Below are the records. Retype exactly the lines between the lines holding "探索gogogo大但人文艺术创作的独特背景与深远影响" and "TOUR LINE USED CLUBS", inclusive.

------ Provided records

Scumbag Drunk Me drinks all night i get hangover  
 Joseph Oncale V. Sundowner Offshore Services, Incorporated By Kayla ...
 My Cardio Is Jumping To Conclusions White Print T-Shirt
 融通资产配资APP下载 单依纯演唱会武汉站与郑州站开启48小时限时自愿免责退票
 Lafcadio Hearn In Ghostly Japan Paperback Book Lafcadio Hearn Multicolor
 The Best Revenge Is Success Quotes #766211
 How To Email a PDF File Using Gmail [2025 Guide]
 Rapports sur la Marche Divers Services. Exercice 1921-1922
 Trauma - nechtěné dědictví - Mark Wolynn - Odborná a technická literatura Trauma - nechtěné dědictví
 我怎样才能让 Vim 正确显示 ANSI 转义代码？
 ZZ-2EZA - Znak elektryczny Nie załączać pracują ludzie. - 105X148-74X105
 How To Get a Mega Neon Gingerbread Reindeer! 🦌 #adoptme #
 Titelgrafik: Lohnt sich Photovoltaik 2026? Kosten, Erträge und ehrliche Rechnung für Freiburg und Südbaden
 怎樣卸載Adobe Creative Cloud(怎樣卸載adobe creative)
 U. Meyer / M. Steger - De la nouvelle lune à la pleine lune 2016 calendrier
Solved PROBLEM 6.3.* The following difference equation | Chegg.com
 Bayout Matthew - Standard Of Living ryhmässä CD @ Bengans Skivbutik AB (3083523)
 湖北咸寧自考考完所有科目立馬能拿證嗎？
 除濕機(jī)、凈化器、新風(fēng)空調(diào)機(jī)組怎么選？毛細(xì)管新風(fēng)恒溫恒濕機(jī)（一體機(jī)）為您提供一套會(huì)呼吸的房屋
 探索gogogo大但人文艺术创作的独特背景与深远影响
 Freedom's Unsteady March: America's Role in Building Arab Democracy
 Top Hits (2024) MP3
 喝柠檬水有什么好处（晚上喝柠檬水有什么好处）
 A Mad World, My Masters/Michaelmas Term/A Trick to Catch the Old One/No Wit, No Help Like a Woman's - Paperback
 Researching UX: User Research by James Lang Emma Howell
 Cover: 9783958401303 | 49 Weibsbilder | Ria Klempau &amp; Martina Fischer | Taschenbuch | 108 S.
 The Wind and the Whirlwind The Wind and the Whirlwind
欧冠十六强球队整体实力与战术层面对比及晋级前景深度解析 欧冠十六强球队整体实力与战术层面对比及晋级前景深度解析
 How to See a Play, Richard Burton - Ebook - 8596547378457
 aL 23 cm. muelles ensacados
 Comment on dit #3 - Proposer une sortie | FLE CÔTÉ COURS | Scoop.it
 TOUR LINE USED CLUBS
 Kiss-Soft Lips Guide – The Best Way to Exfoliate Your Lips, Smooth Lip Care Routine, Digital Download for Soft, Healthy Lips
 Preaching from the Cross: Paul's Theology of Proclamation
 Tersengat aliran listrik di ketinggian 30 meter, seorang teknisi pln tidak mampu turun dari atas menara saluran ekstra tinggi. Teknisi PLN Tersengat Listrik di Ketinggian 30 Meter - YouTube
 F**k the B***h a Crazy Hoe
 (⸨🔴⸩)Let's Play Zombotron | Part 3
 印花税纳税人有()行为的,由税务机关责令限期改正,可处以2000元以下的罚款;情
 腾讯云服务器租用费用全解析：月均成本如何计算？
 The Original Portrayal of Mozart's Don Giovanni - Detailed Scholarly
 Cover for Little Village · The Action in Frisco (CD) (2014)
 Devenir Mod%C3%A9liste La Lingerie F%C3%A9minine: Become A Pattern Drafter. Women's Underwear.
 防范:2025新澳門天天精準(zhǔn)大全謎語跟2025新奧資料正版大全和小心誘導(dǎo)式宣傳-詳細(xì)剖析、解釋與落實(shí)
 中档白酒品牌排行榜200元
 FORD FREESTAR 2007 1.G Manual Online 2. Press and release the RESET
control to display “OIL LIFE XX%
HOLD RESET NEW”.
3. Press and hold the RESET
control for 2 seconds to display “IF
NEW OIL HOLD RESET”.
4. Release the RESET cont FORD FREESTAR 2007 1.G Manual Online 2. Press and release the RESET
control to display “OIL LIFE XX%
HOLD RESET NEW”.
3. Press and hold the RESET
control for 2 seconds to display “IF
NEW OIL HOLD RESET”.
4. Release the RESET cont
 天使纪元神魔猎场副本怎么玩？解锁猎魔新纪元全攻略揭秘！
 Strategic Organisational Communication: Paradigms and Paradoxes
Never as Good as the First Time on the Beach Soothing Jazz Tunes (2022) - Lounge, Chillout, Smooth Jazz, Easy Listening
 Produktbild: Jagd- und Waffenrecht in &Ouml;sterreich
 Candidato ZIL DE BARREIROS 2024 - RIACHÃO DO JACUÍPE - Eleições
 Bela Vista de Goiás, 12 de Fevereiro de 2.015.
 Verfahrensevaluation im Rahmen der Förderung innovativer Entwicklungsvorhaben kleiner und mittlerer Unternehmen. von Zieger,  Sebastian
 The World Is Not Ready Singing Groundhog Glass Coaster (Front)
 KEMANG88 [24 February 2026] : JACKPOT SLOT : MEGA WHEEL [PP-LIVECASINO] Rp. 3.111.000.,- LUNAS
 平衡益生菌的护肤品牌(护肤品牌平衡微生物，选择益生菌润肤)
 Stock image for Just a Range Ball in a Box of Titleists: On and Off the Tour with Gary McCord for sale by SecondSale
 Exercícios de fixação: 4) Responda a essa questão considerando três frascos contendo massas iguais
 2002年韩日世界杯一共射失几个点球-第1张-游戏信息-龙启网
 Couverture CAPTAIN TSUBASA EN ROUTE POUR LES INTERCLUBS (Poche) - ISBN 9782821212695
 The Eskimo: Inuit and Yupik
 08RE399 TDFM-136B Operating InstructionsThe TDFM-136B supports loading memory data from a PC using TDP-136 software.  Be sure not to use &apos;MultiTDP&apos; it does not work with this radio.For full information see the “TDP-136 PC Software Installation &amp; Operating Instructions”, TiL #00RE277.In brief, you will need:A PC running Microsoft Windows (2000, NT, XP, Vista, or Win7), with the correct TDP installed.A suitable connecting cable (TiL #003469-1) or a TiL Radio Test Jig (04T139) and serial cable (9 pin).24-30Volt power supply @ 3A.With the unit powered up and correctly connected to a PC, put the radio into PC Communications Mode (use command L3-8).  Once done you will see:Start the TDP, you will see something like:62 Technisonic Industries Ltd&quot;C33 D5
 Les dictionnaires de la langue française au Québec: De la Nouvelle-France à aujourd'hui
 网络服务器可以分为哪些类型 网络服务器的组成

------------

Written reply »
 探索gogogo大但人文艺术创作的独特背景与深远影响
 Freedom's Unsteady March: America's Role in Building Arab Democracy
 Top Hits (2024) MP3
 喝柠檬水有什么好处（晚上喝柠檬水有什么好处）
 A Mad World, My Masters/Michaelmas Term/A Trick to Catch the Old One/No Wit, No Help Like a Woman's - Paperback
 Researching UX: User Research by James Lang Emma Howell
 Cover: 9783958401303 | 49 Weibsbilder | Ria Klempau &amp; Martina Fischer | Taschenbuch | 108 S.
 The Wind and the Whirlwind The Wind and the Whirlwind
欧冠十六强球队整体实力与战术层面对比及晋级前景深度解析 欧冠十六强球队整体实力与战术层面对比及晋级前景深度解析
 How to See a Play, Richard Burton - Ebook - 8596547378457
 aL 23 cm. muelles ensacados
 Comment on dit #3 - Proposer une sortie | FLE CÔTÉ COURS | Scoop.it
 TOUR LINE USED CLUBS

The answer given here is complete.